Company officials admit it will be a few years before anyone clusters together enough Hyperchip PBR-1280 switches to reach petabit speeds, but claim they have found a way to handle traffic management for hundreds of ports, one of the most vexing problems facing developers tackling terabit switching capacity.
Hyperchip (Montreal) got its first PBR-1280 switch out the door on Tuesday (May 29) for installation on the floor at Supercomm, the trade show in Atlanta where Hyperchip will demonstrate the switch next week using OC-192 testers borrowed from Agilent Technologies Inc.
A single PBR-1280 can handle 160 Gbits/s of aggregate traffic, putting it on par with other core switches such as the Cisco Systems' GSR 12000, said Richard Norman, founder and chief executive of Hyperchip. But Hyperchip claims its switches can be stacked to achieve higher total throughput 1.28 petabits/second than any existing competitor.

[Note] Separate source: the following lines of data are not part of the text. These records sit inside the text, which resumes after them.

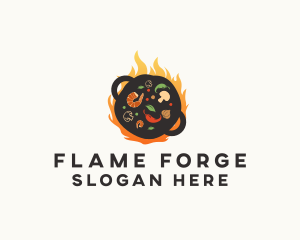 Wok Flame Restaurant logo design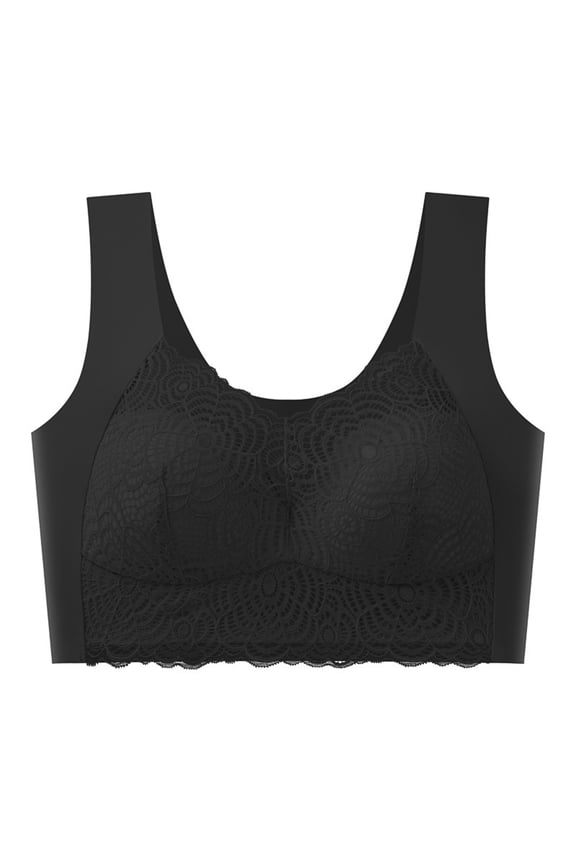 Zen Chic Bras for Older Women Posture Correcting Wireless Seamless Senior Bra Plus Size Mesh Full Coverage Bralette Black 34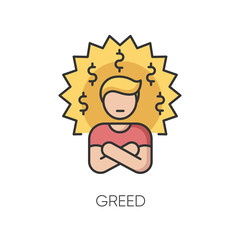 Greed RGB color icon. Bad personal trait, negative quality,. Feeling of avarice, lust for money. Greedy businessman, corrupted person isolated vector illustration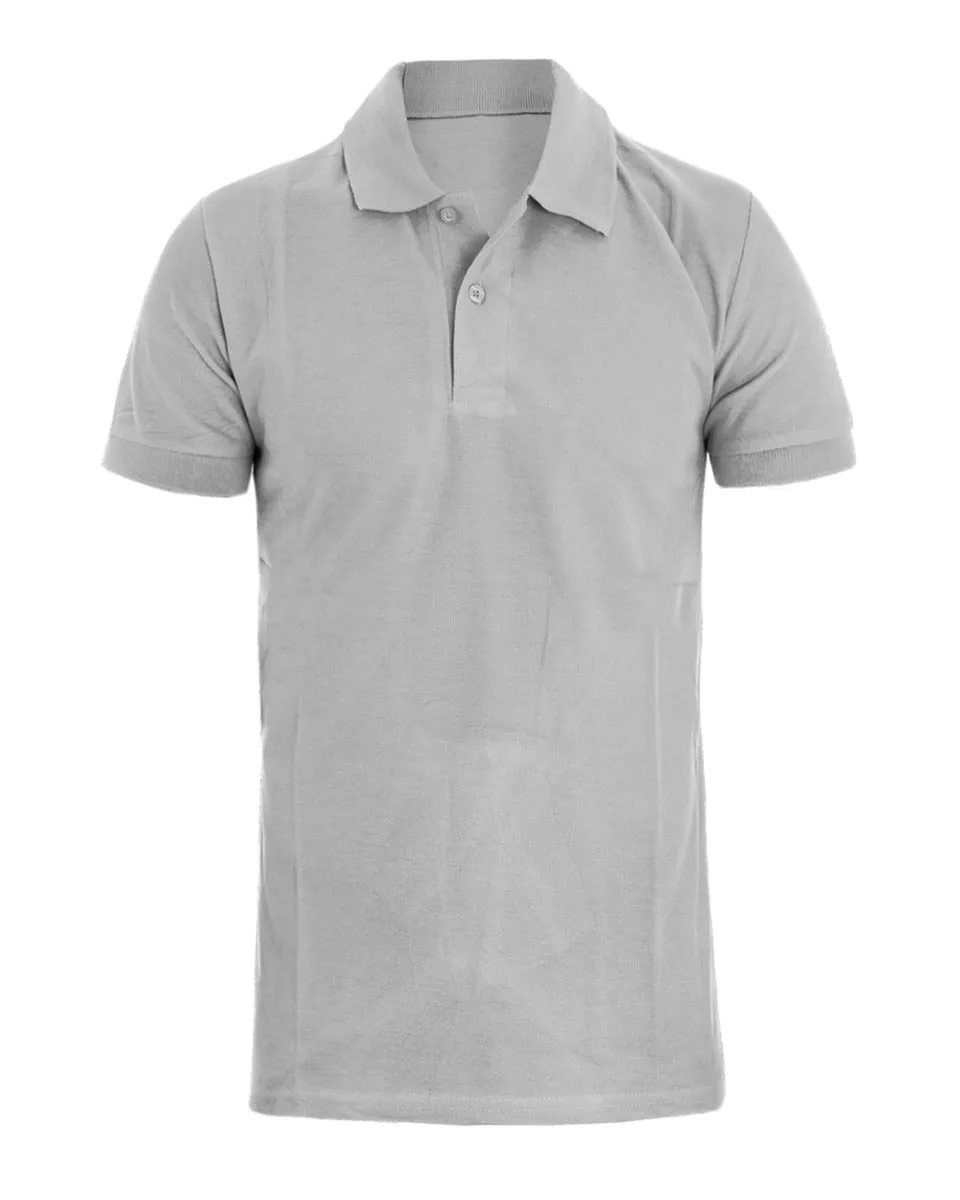 T-shirt Uomo Polo Tinta Unita Grigio Manica Corta Colletto Bottoncini Basic Casual GIOSAL-TS2973A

The company is diving into a core switch market presently dominated by Cisco Systems Inc., with Juniper Networks Inc. positioned as the most serious competitor. And emerging terabit router vendors such as Avici Systems Inc. and Pluris Inc. have begun taking some market share of their own.
Hyperchip began life as a chip company, developing a switch fabric device now called the Hyperchip Matrix. Norman's original intent was to develop a multiprocessor for certain types of software problems, but Silicon Valley venture capitalists essentially bribed Hyperchip's early team to build a router instead. "They offered us three to five times what we were asking, and said 'This is just the beginning,' " Norman said.
The company has spent the last 26 months assembling a new team and building an entire system around the switch fabric chip, Norman said.
While traffic management wasn't among the company's original goals, Hyperchip officials had outlined the two-stage method that would eventually be used in the PBR-1280. "We sort of mentally thought about it, but we'd never written it down," Norman said. "We thought everybody would try to do it this way."
The star of the PBR-1280 is the Hyperchip Matrix switch fabric and the traffic management apparatus that resides with it. Traffic management the process of balancing traffic flows going into the switch fabric to prevent bottlenecks has proven one of the most difficult aspects of high-speed networking. Core switches can handle traffic management for a 16-port fabric, but switch vendors are trying to find ways to tackle hundreds of ports, which increases the complexity of the problem a thousandfold, Norman said.
Divide and conquer
Hyperchip gets around the problem by dividing traffic management into two stages. A global stage assigns traffic to one of 10 Matrix cards, each boasting the enormous 16-port Matrix switch fabric. Local traffic management on the fabric itself then assigns packets to individual ports.
Each stage consists of traffic management at a level no more difficult than existing switches. "We reduced the problem to the same scale of problem we [can solve] today," Norman said.
To implement this scheme, Hyperchip had to pack the Matrix switch fabric with extras, including 100 small blocks of SRAM and 300 arbiters, or "mini-schedulers," Norman said. The SRAM blocks in aggregate could provide 1 Tbit/s of both read and write bandwidth to the chip's 16-point crossbar, providing plenty of overhead for spikes in traffic, Norman said.
The on-chip SRAM provides high-speed access, but traffic management also requires the use of extremely large blocks of memory for storing tables. This block, also consisting of commodity memory, is kept off-chip but on the same card as the switching matrix.
Matrix also includes 16 "little processors" that monitor the data path, and are intended to support future applications carriers might create, Norman said.
All told, Matrix is a 4.5-million transistor chip, the most complicated that IBM Corp. has ever fabbed for an outside company, Norman said. But the chip uses a lot of repeated elements, and includes only 100,000 unique gates, he said. "To all the tools that could handle two levels of hierarchy, it was a 100,000-gate chip," Norman said.